» **Task to carry out**: Output, word for word, the line that contains "02 Kockići 43 - FotoKurti" and all lines following it to the end of the listing. Drop the pictures.

» **Data extract**:
↓

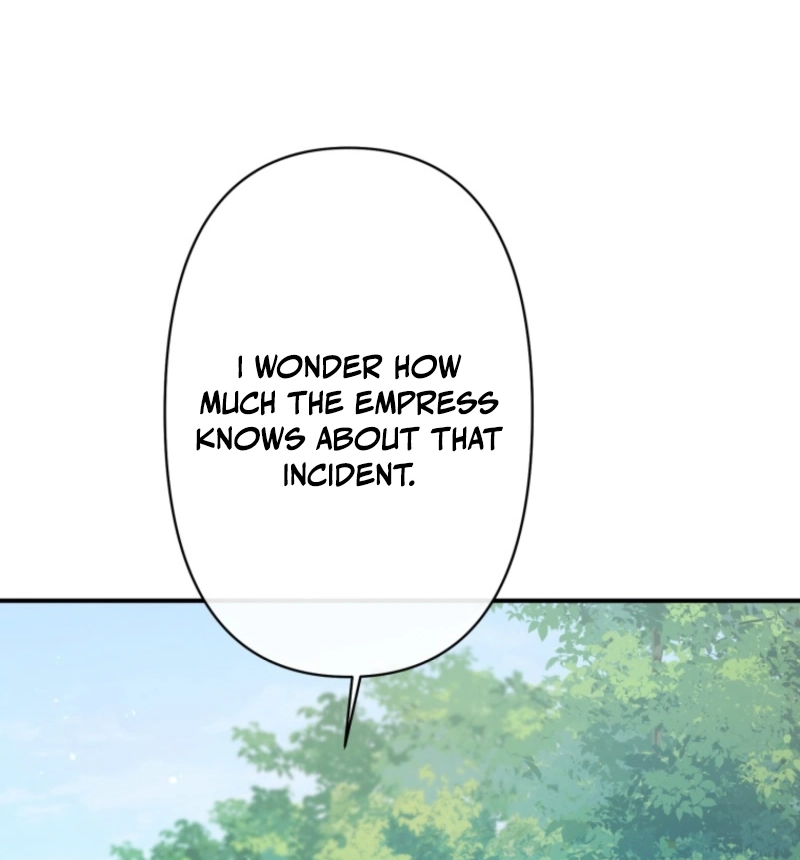 I Love the One Who Kills Me chapter 23 page 41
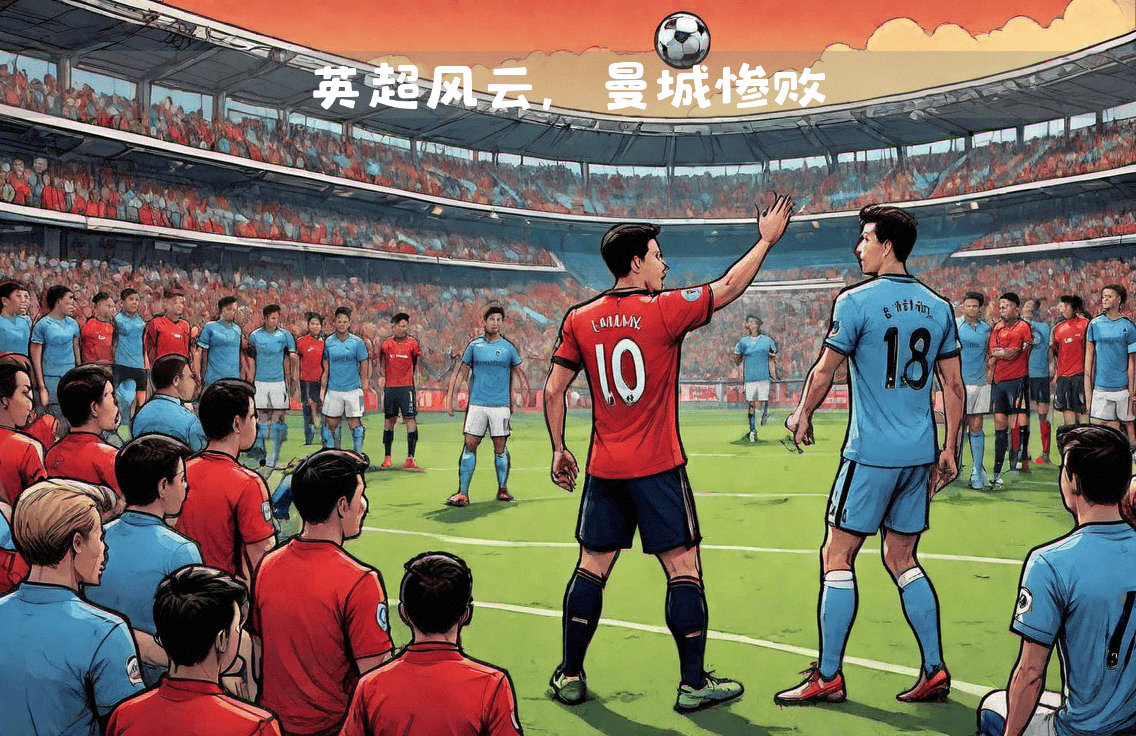 爱体育官网-热刺艰难吞水,欧战关键路还远-第1张图片-爱体育官方网站 爱体育官网-热刺艰难吞水,欧战关键路还远-第1张图片-爱体育官方网站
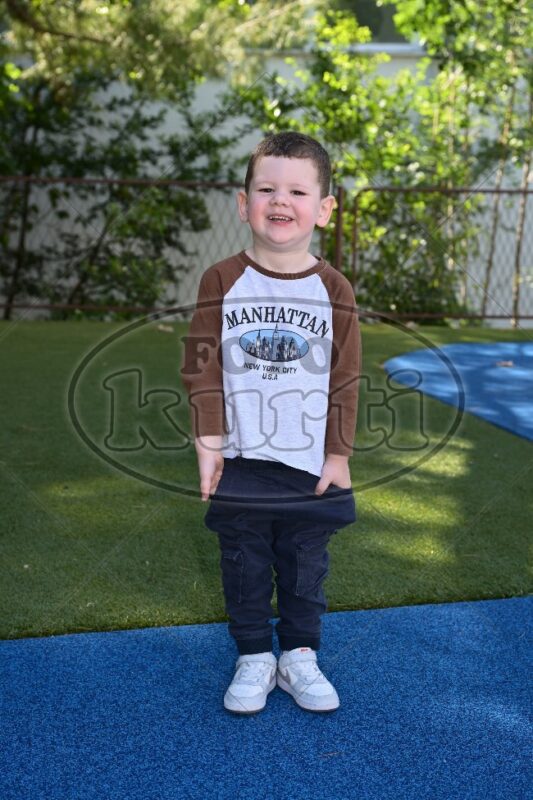 02 Kockići 43 - FotoKurti
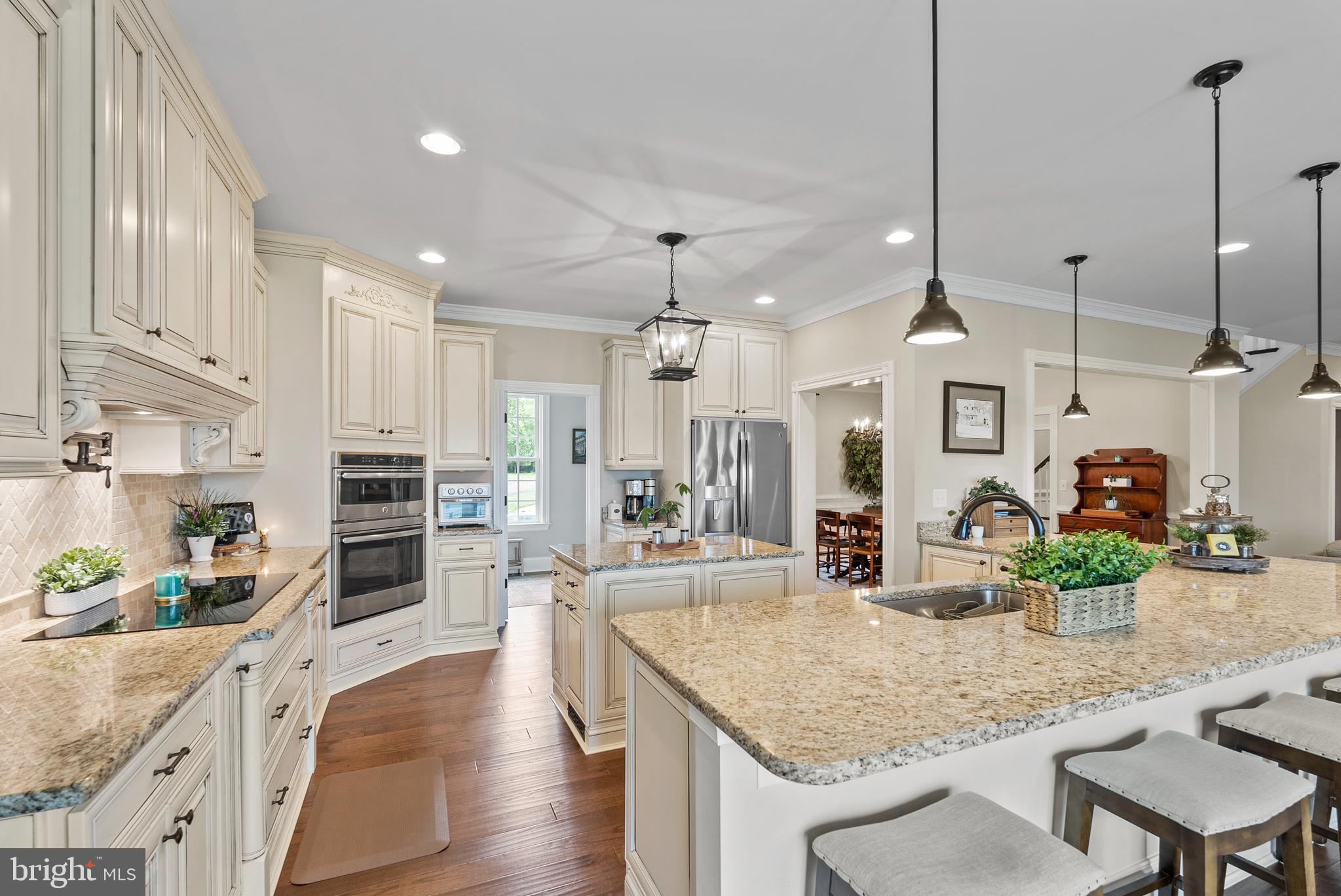 PORTOBAGO BAY - Residential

↑

» **Exercise solution**:
 02 Kockići 43 - FotoKurti
 PORTOBAGO BAY - Residential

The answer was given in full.